= Socialist calculation debate =

Discourse on the applicability of central planning without capital markets

The socialist calculation debate, sometimes known as the economic calculation debate, is a discourse on the subject of how a socialist economy would perform economic calculation given the absence of the law of value, money, financial prices for capital goods and private ownership of the means of production. More specifically, the debate is centered on the application of economic planning for the allocation of the means of production as a substitute for capital markets and whether or not such an arrangement would be superior to capitalism in terms of efficiency and productivity.

The historical debate was cast between the Austrian School represented by Ludwig von Mises and Friedrich Hayek, who argued against the feasibility of socialism; and between neoclassical and Marxian economists, most notably Cläre Tisch (as a forerunner), Oskar R. Lange, Abba P. Lerner, Fred M. Taylor, Henry Douglas Dickinson and Maurice Dobb, who took the position that socialism was both feasible and superior to capitalism. A central aspect of the debate concerned the role and scope of the law of value in a socialist economy. Although contributions to the question of economic coordination and calculation under socialism existed within the socialist movement prior to the 20th century, the phrase socialist calculation debate emerged in the 1920s beginning with Mises' critique of socialism.

While the debate is popularly viewed as a debate between proponents of capitalism and proponents of socialism, in reality a significant portion of the debate is between socialists who held differing views regarding the utilization of markets and money in a socialist system and to what degree the law of value would continue to operate in a hypothetical socialist economy. Socialists generally hold one of three major positions regarding the unit of calculation, including the view that money would continue to be the unit of calculation under socialism; that labor time would be a unit of calculation; or that socialism would be based on calculation in natura or calculation performed in-kind.

Debate among socialists has existed since the emergence of the broader socialist movement between those advocating market socialism, centrally planned economies and decentralized planning.
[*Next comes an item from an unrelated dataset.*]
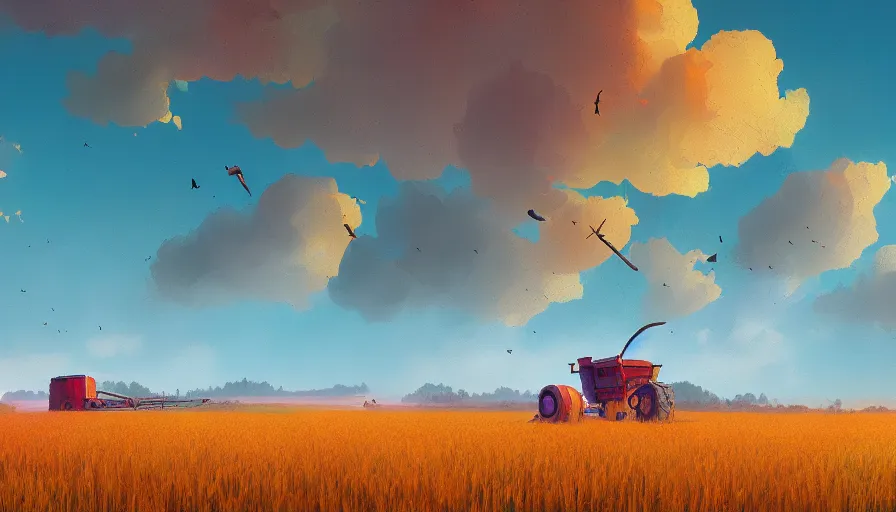 Image similar to colourful sky, wheat field, harvesters, big trees, matte painting, art station, digital art, simon stalenhag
Recent contributions to the debate in the late 20th century and early 21st century involve proposals for market socialism and the use of information technology and distributed networking as a basis for decentralized economic planning.

== Foundations and early contributions ==
Karl Marx and Friedrich Engels held a broad characterization of socialism, characterized by some form of public or common ownership of the means of production and workers' self-management within economic enterprises and where production of economic value for profit would be replaced by an ex ante production directly for use which implied some form of economic planning and planned growth in place of the dynamic of capital accumulation and therefore the substitution of commodity-based production and market-based allocation of the factors of production with conscious planning.
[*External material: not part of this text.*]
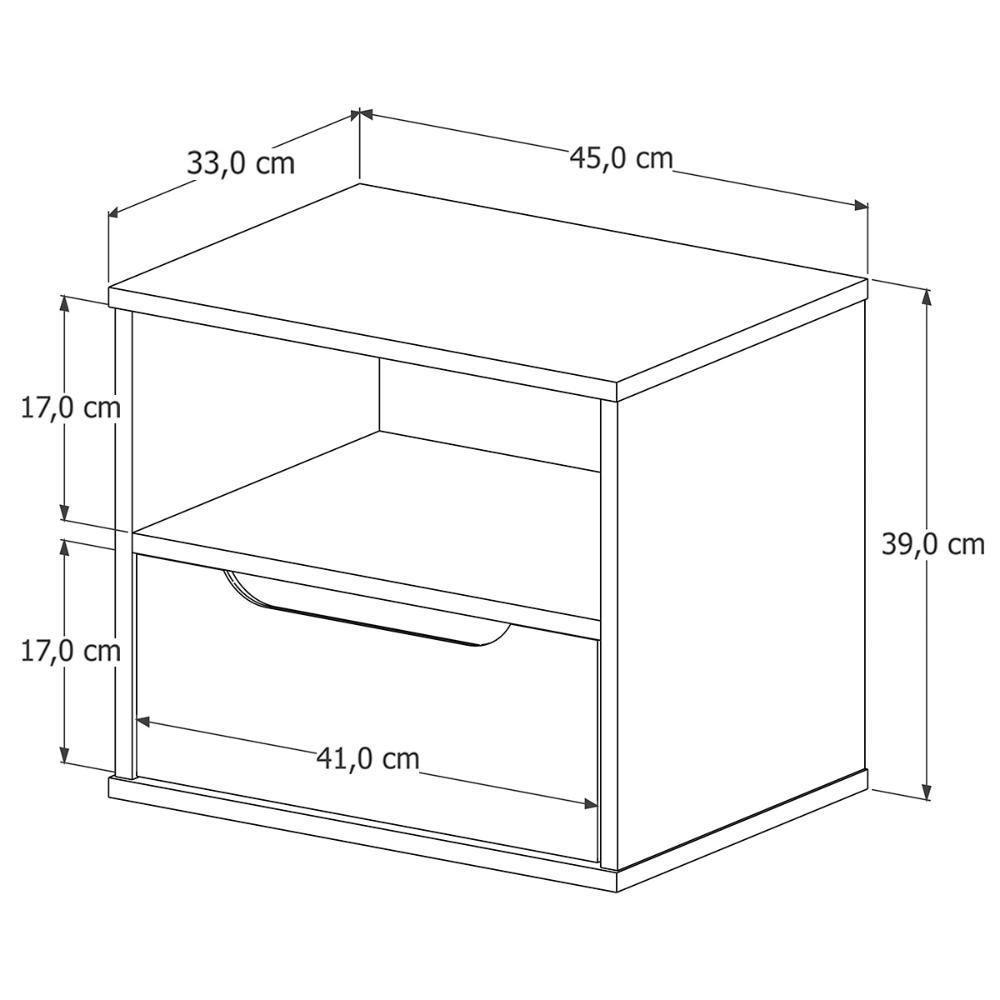 Kit 2 Mesa De Cabeceira Suspensa Jatobá Quarto Com 1 Gaveta Off White - 3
Although Marx and Engels never elaborated on the specific institutions that would exist in socialism or on processes for conducting planning in a socialist system, their broad characterizations laid the foundation for the general conception of socialism as an economic system devoid of the law of value and law of accumulation and principally where the category of value was replaced by calculation in terms of natural or physical units so that resource allocation, production and distribution would be considered technical affairs to be undertaken by engineers and technical specialists.

An alternative view of socialism prefiguring the neoclassical models of market socialism consisted of conceptions of market socialism based on classical economic theory and Ricardian socialism, where markets were utilized to allocate capital goods among worker-owned cooperatives in a free-market economy. The key characteristics of this system involved direct worker ownership of the means of production through producer and consumer cooperatives and the achievement of genuinely free markets by removing the distorting effects of private property, inequality arising from private appropriation of profits and interest to a rentier class, regulatory capture, and economic exploitation. This view was expounded by mutualism and was severely criticized by Marxists for failing to address the fundamental issues of capitalism involving instability arising from the operation of the law of value, crises caused by overaccumulation of capital and lack of conscious control over the surplus product. This perspective played little to no role during the socialist calculation debate in the early 20th century.

Early arguments against the utilization of central economic planning for a socialist economy were brought up by proponents of decentralized economic planning or market socialism, including Pierre-Joseph Proudhon, Peter Kropotkin and Leon Trotsky. In general, it was argued that centralized forms of economic planning that excluded participation by the workers involved in the industries would not be sufficient at capturing adequate amounts of information to coordinate an economy effectively while also undermining socialism and the concept of workers' self-management and democratic decision-making central to socialism. However, no detailed outlines for decentralized economic planning were proposed by these thinkers at this time. Socialist market abolitionists in favour of decentralized planning also argue that whilst advocates of capitalism and the Austrian School in particular recognize equilibrium prices do not exist, they nonetheless claim that these prices can be used as a rational basis when this is not the case, hence markets are not efficient. Other market abolitionist socialists such as Robin Cox of the Socialist Party of Great Britain argue that decentralized planning allows for a spontaneously self-regulating system of stock control (relying solely on calculation in kind) to come about and that in turn decisively overcomes the objections raised by the economic calculation argument that any large scale economy must necessarily resort to a system of market prices.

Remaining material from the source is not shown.